I definitely want kids. Not to fill some void or to carry on my genes, I'd be fine with adoption, I just wants kids. I love kids, I babysat a lot in high school, and I know it's not the same as having your own, but it taught me a lot, and I think I'd be pretty good at it. I'd need to clear out some issues first, and probably have a husband who's more well-balanced than I am, but yeah, I want kids. I'd be a good mom.


Not for SEVERAL more years though.


----------



## Keith (Aug 30, 2008)

I don't want kids right now but who knows how I'll feel in 5/10 years maybe I'll meet some great girl and have a great job and life and stuff, and maybe I'll want kids then. Not likely but its not outta the realm of possibility.


----------



## mooncake (Jan 29, 2008)

I really don't know. My feelings about having kids change a lot - on the one hand I feel there are already way too many people in the world so I shouldn't be contributing to the problem by reproducing myself. I'm also terrified at the thought of being so responsible for another person and I worry that I wouldn't be able to give my child what they deserve in life, because of my own problems. Due to having had a fairly bad upbringing, I fear that I won't know how to be a good parent, although I think I've learnt a lot about how _not_ to parent by my experiences and I'm very aware of the essential things I feel I missed out on during childhood, so I would try my hardest not to let the same happen to my own child.

On the other hand - probably now that I'm in a solid, happy relationship, I can see the appeal of raising a family together with someone. But whatever happens in the future, there's no way I would even consider having a child within the next 8-10 years at least, and certainly not until I was financially and emotionally stable and had also been in a relationship for at least 5+ more years. Being out with my boyfriend and seeing babies does sometimes make me feel sickeningly broody sometimes though, even though I in no way actually desire kids of my own any time soon. Damn hormones. :x


----------



## Scrub-Zero (Feb 9, 2004)

No kids, and my girlfriend doesn't want any either. I'm too ****ed up to be a father anyway.


----------



## so_so_shy (Sep 5, 2005)

I want to have kids when i am financially stable enough to do so.


----------



## bsd3355 (Nov 30, 2005)

I want kids but ONLY with someone I really care about, and it needs to be planned.


----------



## Hadron92 (Apr 17, 2009)

I don't think I'd be a good parent hence I don't want kids. Though I also think it's got something to do with the fact that I detest having responsibilities.

My parents' reaction was telling me that "not wanting to have kids is unnatural". And for once in my life, I agree with them.
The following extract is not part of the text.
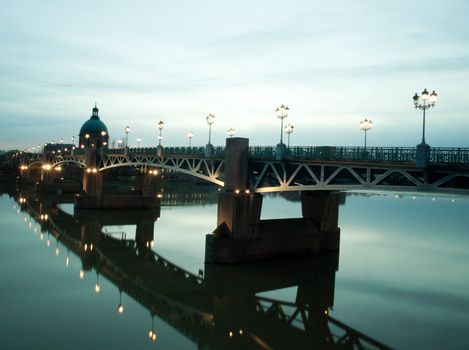 Pont Saint Pierre bridge over the garonne in the city of Toulouse in France at dusk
All living things should aspire to spread their genes all over the place...But, well, screw this - since when have I ever acted "naturally"? I don't see Why I should make special exceptions on this issue.:roll


----------



## Your Crazy (Feb 17, 2009)

Hadron said:


> All living things should aspire to spread their genes all over the place.
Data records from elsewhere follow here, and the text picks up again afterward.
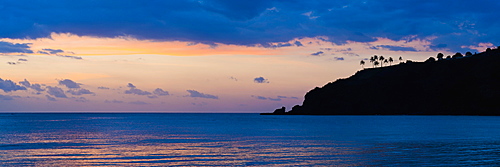 Silhouette of palm trees on a cliff at sunset, Nippah Beach, Lombok, Indonesia, Southeast Asia, Asia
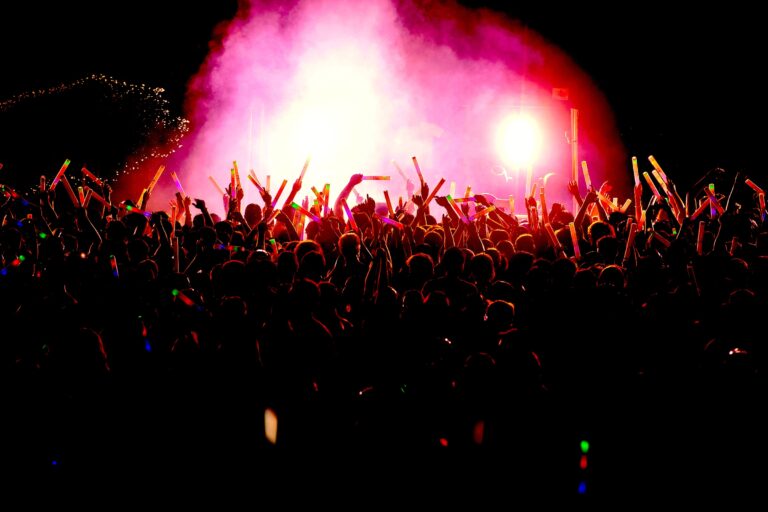 Glow party with vibrant lights and energetic crowd at Operation Glow event.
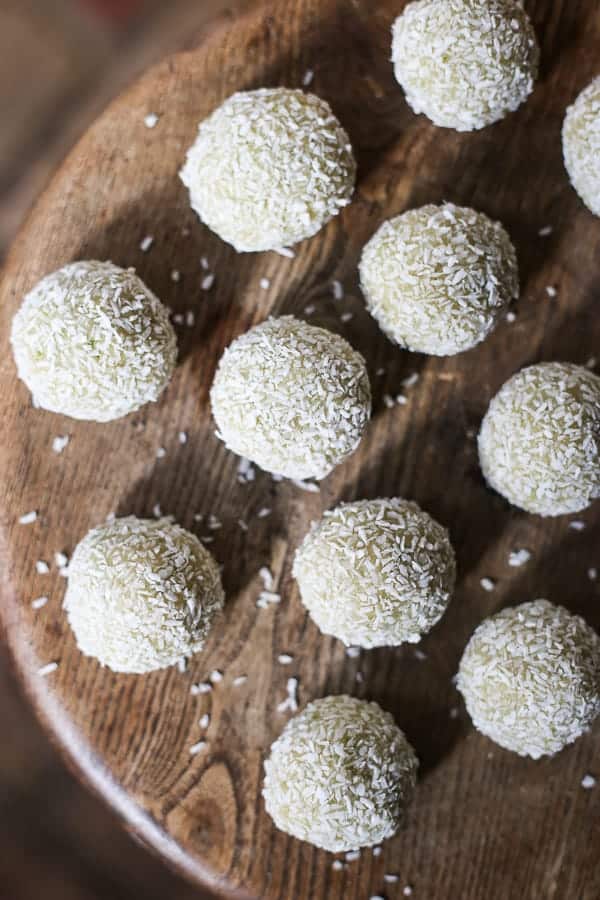 coconut lime energy balls on wooden table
Thank God everyone doesn't think like that. If so it would be a natural disaster of epic proportions. Just look at the Bush's...


----------



## badjoke (Jun 4, 2010)

I already have a kid, so I'm done.


----------



## estse (Nov 18, 2003)

I would never, ever.


----------



## Georgina 22 (Jan 4, 2009)

1 or 2 kids one day, but not now.


----------



## Cyrus (Oct 25, 2009)

Have kids one day in the future of course .


----------



## Lasair (Jan 25, 2010)

When and if I learn to look after myself I would love to adopt.


----------



## pita (Jan 17, 2004)

I like kids, but I don't want any of my own. It's probably a selfish thing--I like being able to cook what I want, do what I want, and go where I want. Maybe that will change one day, but right now, I don't see myself having children.


----------



## CeilingStarer (Dec 29, 2009)

Maybe centuries ago when bringing fresh blood in to the clan/tribe was important. I'd thoroughly enjoy teaching my kid to hunt, fight, survive etc.

Not in this day and age though. I don't see much future for the world, and I know that things are just going to get even more competitive for the next generation. 

I wouldn't be emotionally or financially fit for the task anyway right now.


----------



## anomalous (Jun 12, 2004)

I simply can't stand kids. Just being honest. The idea that I'll never be pressured to have them is almost enough to make me relieved that I'm not BF/husband material.


----------



## MagusAnima (Mar 4, 2010)

I don't think so. I wouldn't want to inflict my defective genes onto anyone, or make someone have to live in today's society either. 

I've thought about maybe adopting in the (very distant) future though - only if I have lots of money to spoil them though.


----------



## herb the dolphin (Mar 26, 2010)

I used to... but then I saw what people with kids have to go through, and I don't think I could do it or would want to.


----------



## drealm (Jul 7, 2009)

Won't have children unless I'm making over 100k a year and in a stable marriage to a very orthodox boring wife.

Yes I want kids, my family name is important to me. I must replenish my family with a new generation of powerful sons (not that I don't value women, but they take husbands name). I'm the last of my name - my name must go on.


----------



## Wehttam (Nov 6, 2009)

I do want kids. I agree society as it is sucks, but by not having kids I won't fix anything. The only way to cause a reaction of change in a fester society is by taking some sort of action, I may not be able to influence the already rotten adult minds set in their habits but I can influence the future generation (my kids) into becoming the people I wish to see in the world.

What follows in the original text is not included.